I am trying to implement tracks in sand. The terrain is a sand texture. The tracks are a plane with the same sand texture, but also with a bumpmap applied, and using the transparent bumped diffuse shader. I have a script that places the tracks .02 units above the terrain(the reason I place it a little above is that it mitigates, but doesn’t eliminate, the problem I describe below) and orients the rotation of the plane to the terrain’s surface normal directly below it. .
The Problem:
In the first screenshot, everything looks good. The tracks actually look like depressions in the sand. In the second screenshot, you can see the visual artifact that occurs with the planes at certain viewing angles.
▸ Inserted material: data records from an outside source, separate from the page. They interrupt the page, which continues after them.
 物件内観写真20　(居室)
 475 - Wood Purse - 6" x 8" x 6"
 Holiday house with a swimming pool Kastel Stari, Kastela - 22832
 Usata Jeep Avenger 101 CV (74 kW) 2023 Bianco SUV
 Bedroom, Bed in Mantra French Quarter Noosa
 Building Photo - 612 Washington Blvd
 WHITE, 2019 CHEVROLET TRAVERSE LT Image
Does anyone know what is causing the artifacts, and is there a way around it? Using Indie, can anyone suggest a better way to implement footprints? They are dynamic, meaning they can’t actually be a terrain texture, and they use transparency to simulate fading over time.
I don’t think so. I’ve set it to pixel and vertex to test that, and the issue doesn’t resolve. I suspect it has something to do with transparency, but can’t confirm that b/c I don’t have enough experience with transparency (and, now that I think of it, I haven’t actually tried just a plain difuse shader to test, but I can almost guarantee it won’t have the same issue).
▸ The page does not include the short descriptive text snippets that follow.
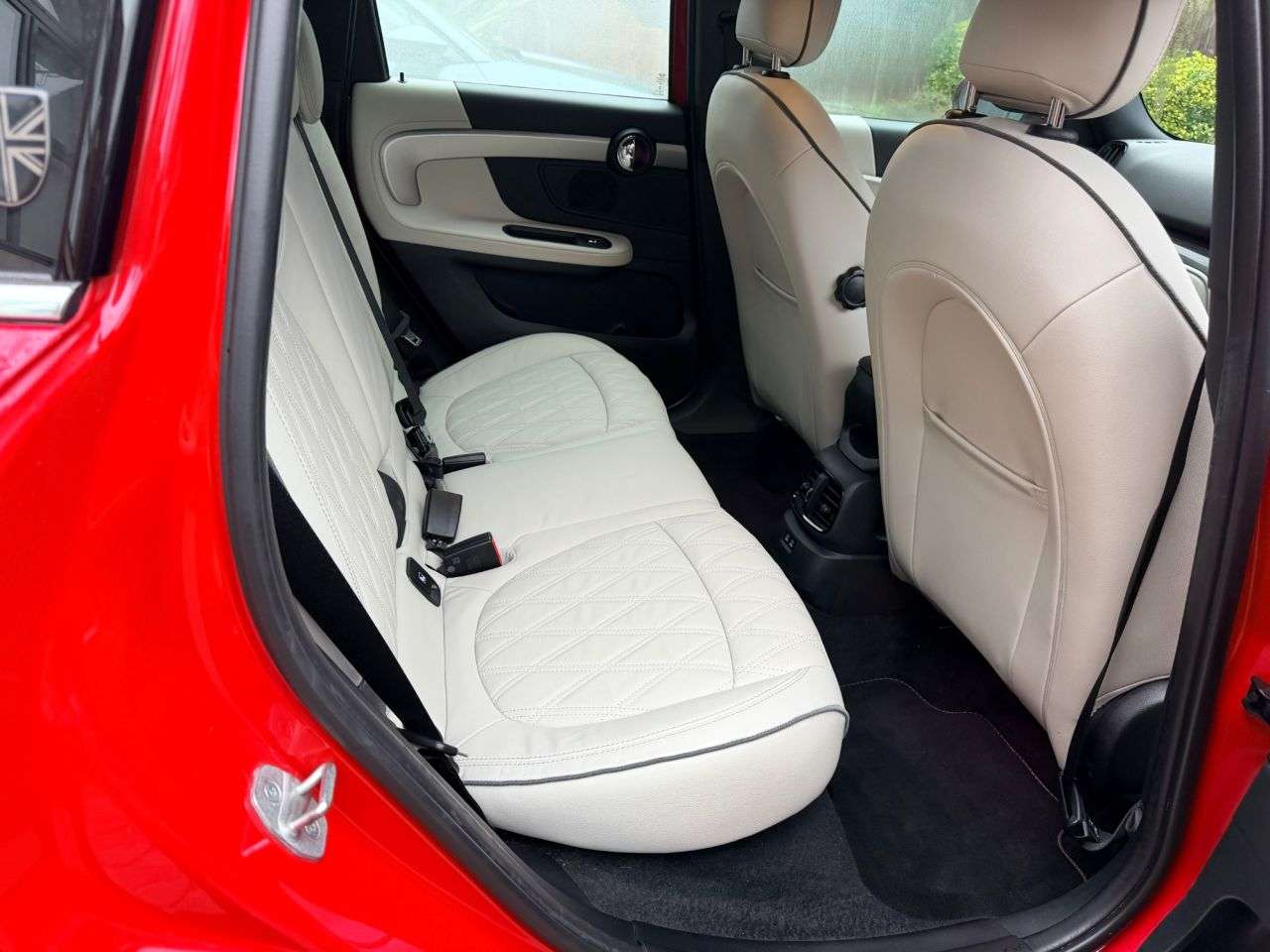 A 2021 MINI COUNTRYMAN 2.0 Cooper S Exclusive SUV 5dr Petrol Steptronic Euro 6 (s/s) (178 ps) A 2021 MINI COUNTRYMAN 2.0 Cooper S Exclusive SUV 5dr Petrol Steptronic Euro 6 (s/s) (178 ps)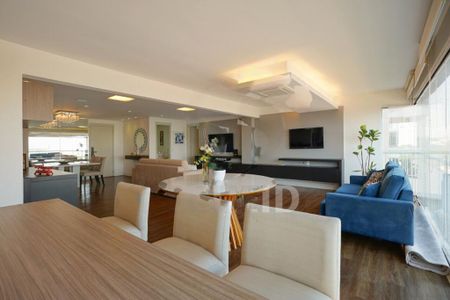 Apartamento à venda com 3 quartos, 160m² em Santo Amaro, São Paulo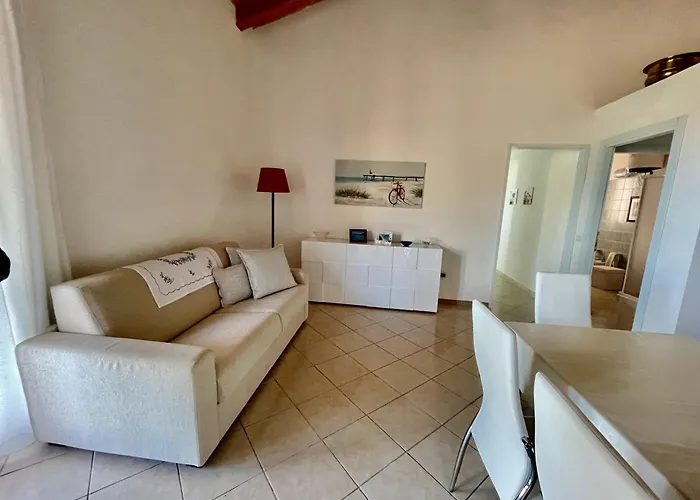 Fiori Con Piscina By Wonderful Italy Villa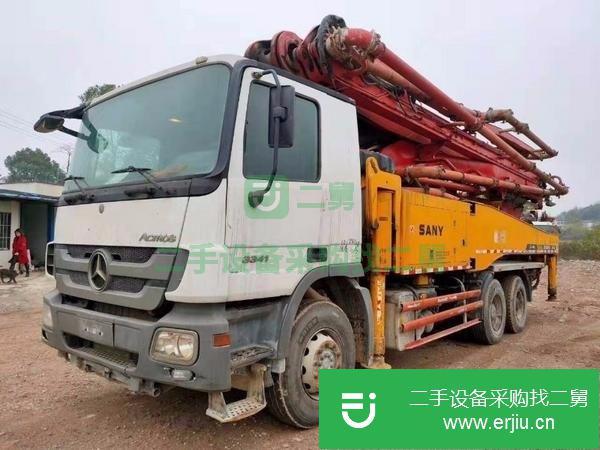 山西出售二手的泵車，奔馳底盤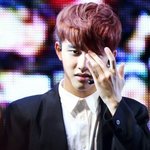 [EXO] 경수 손 ㅈㄴ 크기로 <b>유명</b>함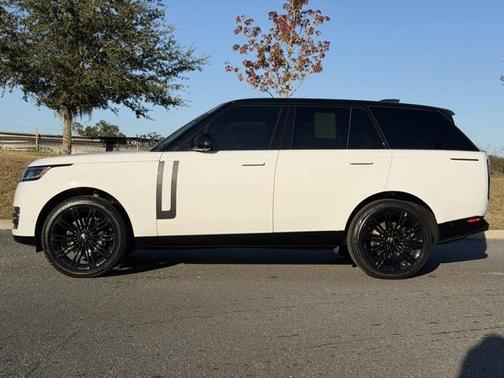 2023 Land Rover Range Rover P400 SE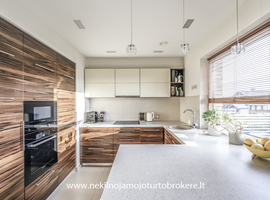 Parduodamas namas Kmitos g., Balsiuose, Vilniuje, 218 kv.m ploto, 2 aukštai - photo 3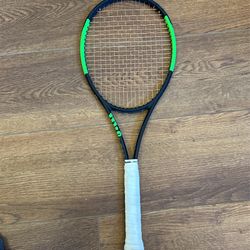 WILSON BLADE 98 Tennis racket 16x19 Grip Size 4 3/8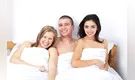 Sexualidad: 7 consejos si planeas hacer un trío con dos mujeres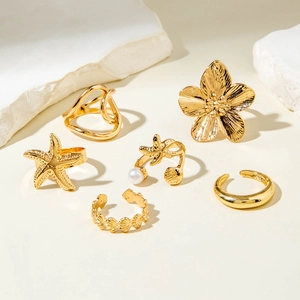 Lot de 6 bagues dorées bohèmes avec motifs fleurs, étoiles de mer, perles et coquillages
I guess it depends on exactly what you’re doing, how many footprints, etc, but you might be able to do something using a Projector. This simply takes an image and “projects” it onto a surface from a chosen position.
What you’re seeing is incorrect Z ordering due to the way pixel lighting is handled in Unity. You can fix this by moving the footprints a little higher off the ground, or by waiting until 2.6.
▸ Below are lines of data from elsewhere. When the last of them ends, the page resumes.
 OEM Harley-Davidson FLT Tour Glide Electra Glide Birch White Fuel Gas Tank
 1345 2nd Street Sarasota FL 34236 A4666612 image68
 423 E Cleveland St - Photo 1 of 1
Ahh. Thanks, Daniel. And thanks for the link to the paper. I did try moving them higher off the ground, and it does resolve the issue, but then they don’t look right. Perspective kicks in and you can tell they are above the ground. I think i will opt for option 2, and enjoy the fix that 2.6 brings.
Eric, are you talking about shader programming? I don’t know anything about shader programming (I know there are tutorials, but it’s really not high on the priority list).
Yeah, but you don’t really need to know anything, just get the source for the shader you’re using, give it a new name on the Shader line, and add “Offset -1, -1” in the pass somewhere.